**Records supplied:**

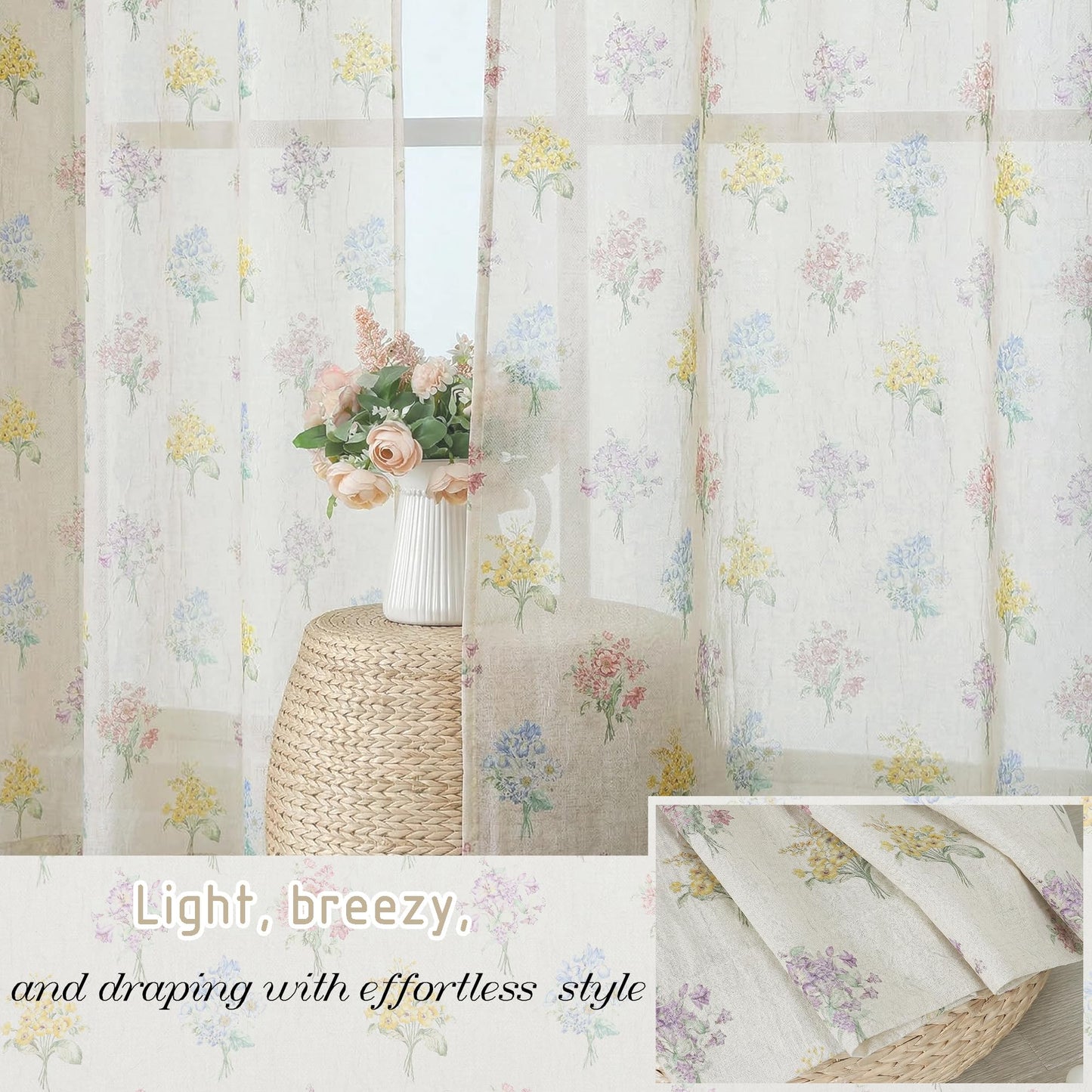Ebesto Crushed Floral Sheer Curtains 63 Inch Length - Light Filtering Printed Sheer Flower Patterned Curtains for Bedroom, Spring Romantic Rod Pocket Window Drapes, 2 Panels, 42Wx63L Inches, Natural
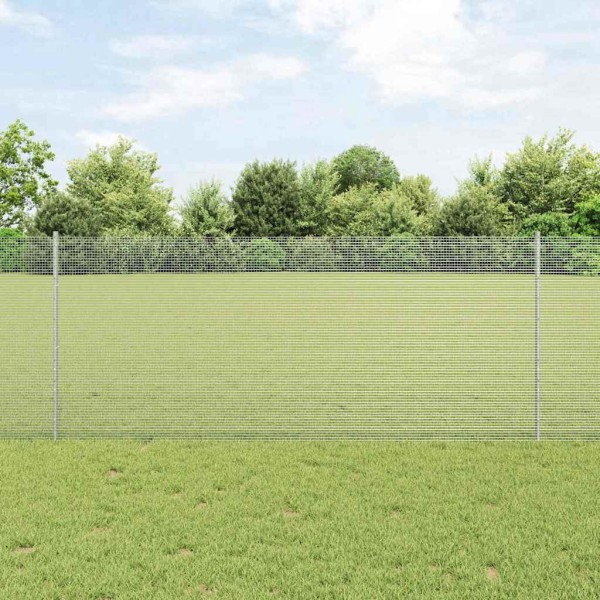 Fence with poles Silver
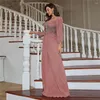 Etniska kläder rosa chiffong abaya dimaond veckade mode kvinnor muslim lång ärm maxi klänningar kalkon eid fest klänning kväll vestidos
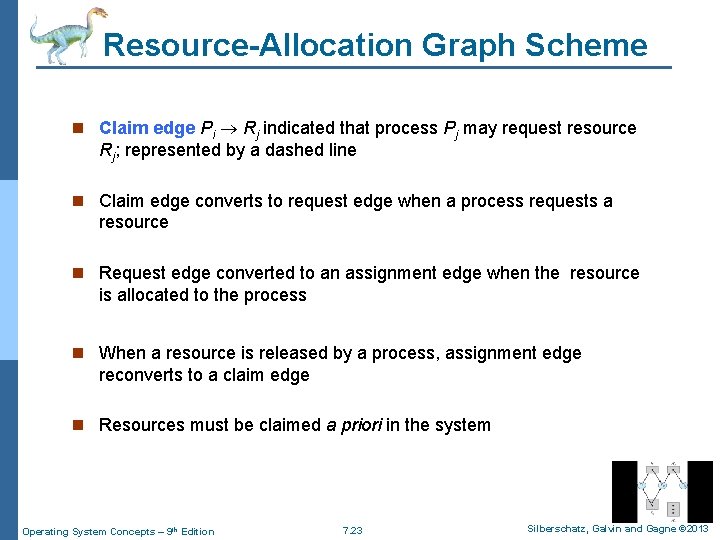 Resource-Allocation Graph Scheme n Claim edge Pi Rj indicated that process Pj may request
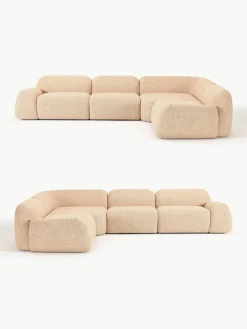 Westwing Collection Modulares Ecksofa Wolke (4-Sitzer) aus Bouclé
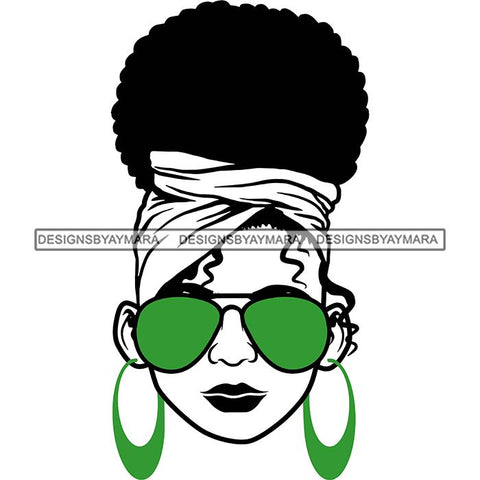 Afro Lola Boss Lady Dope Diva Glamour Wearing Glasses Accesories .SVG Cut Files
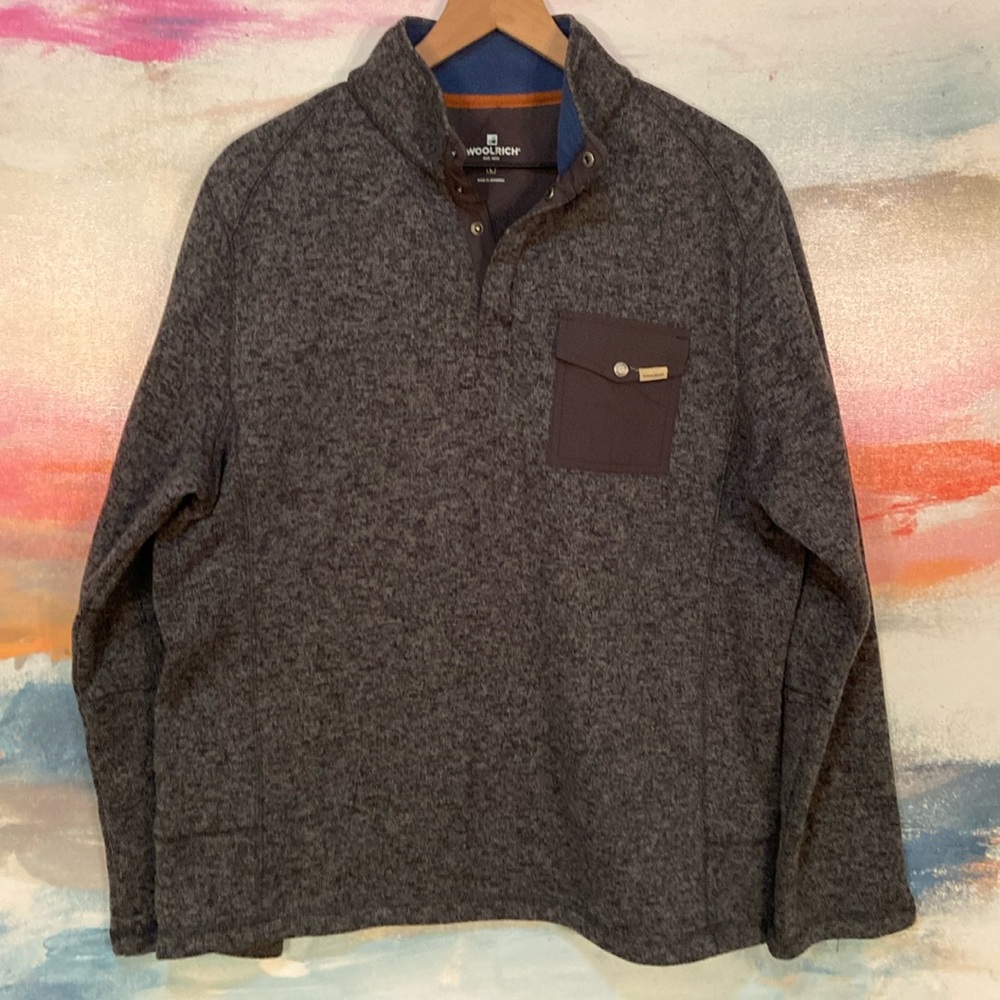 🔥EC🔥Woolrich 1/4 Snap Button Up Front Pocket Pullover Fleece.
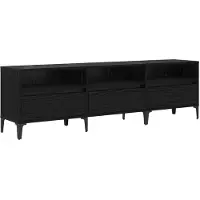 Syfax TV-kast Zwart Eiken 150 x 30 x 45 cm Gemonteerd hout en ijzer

--

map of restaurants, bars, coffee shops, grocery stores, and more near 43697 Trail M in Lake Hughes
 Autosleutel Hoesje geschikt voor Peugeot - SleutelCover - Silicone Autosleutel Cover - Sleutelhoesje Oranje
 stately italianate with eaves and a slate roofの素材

**Directions:** The reply should hold the entries above from the line with "Westwing Collection Modulares" to the line with "Syfax TV-kast Zwart", duplicated exactly, pictures excluded.

**Written answer:**
 Westwing Collection Modulares Ecksofa Wolke (4-Sitzer) aus Bouclé
 Afro Lola Boss Lady Dope Diva Glamour Wearing Glasses Accesories .SVG Cut Files
 🔥EC🔥Woolrich 1/4 Snap Button Up Front Pocket Pullover Fleece.
 Syfax TV-kast Zwart Eiken 150 x 30 x 45 cm Gemonteerd hout en ijzer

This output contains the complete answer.